# [Wet Thumb Forum]-Damn it, broke my pc bulb



## imported_trilinearmipmap (Feb 11, 2003)

I have been happy with my AH supply 4 x 55 watt retrofit kit over the past year.

The one drawback is the bulbs are nearly impossible to get in and out of the waterproof end-caps.

Today I was taking out a bulb (wanted to swap out the 6400k bulbs for 9250k bulbs from another fixture... long story).

Anyway I heard a hiss which was I guess the vaccum inside the bulb being lost. Now the bulb is wasted.

Anyway I like these pc bulbs but they are difficult to handle and easy to break.

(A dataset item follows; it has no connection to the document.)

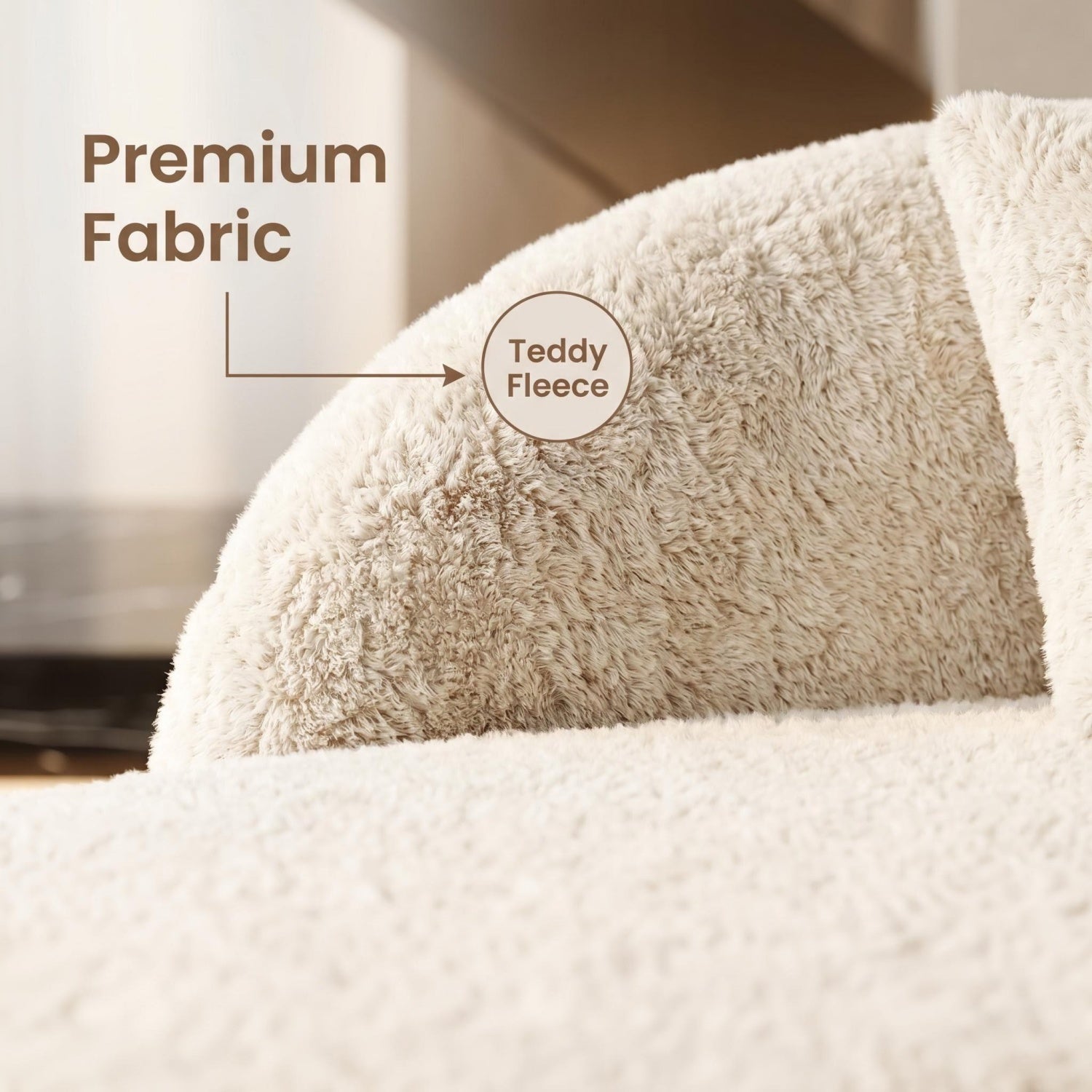 AAF Teddy Fleece C-Shape Curved Sofa Cream Beige 2-7 Seat UAE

Canadian Aquatic Plant Trading Website


----------



## imported_trilinearmipmap (Feb 11, 2003)

I have been happy with my AH supply 4 x 55 watt retrofit kit over the past year.

The one drawback is the bulbs are nearly impossible to get in and out of the waterproof end-caps.

Today I was taking out a bulb (wanted to swap out the 6400k bulbs for 9250k bulbs from another fixture... long story).

Anyway I heard a hiss which was I guess the vaccum inside the bulb being lost. Now the bulb is wasted.

Anyway I like these pc bulbs but they are difficult to handle and easy to break.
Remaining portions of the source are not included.